▸ Task:
Skip all pictures. Set down only the lines starting at the line containing "Dell Ausinės Žaidimams" and running to the end of the listing.

Start of Input data

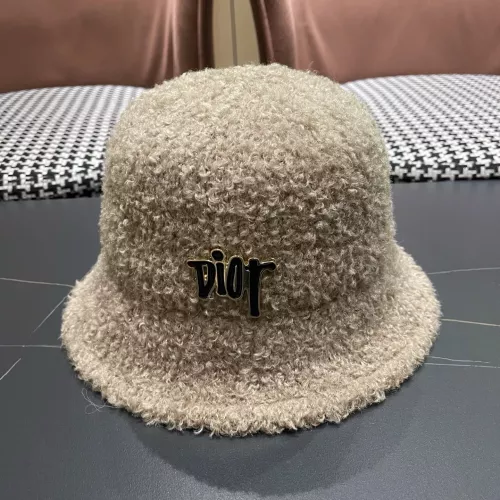 Replica Christian Dior Caps #1366556 $36.00 USD for Wholesale
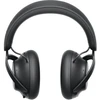 Dell Ausinės Žaidimams | Alienware Pro | Bluetooth | Over-Ear | Mikrofonas | Dark Side of the Moon | Noise canceling | Belaidės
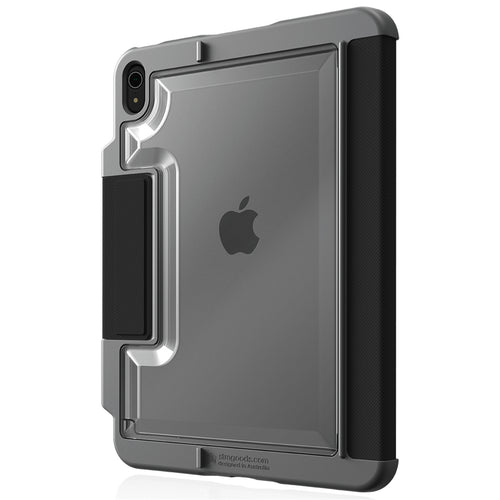 STM Dux Plus Case for iPad 11" A16  &  10th Gen 10.9" (2022) - Black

End of Input data

▸ Problem solution:
 Dell Ausinės Žaidimams | Alienware Pro | Bluetooth | Over-Ear | Mikrofonas | Dark Side of the Moon | Noise canceling | Belaidės
 STM Dux Plus Case for iPad 11" A16  &  10th Gen 10.9" (2022) - Black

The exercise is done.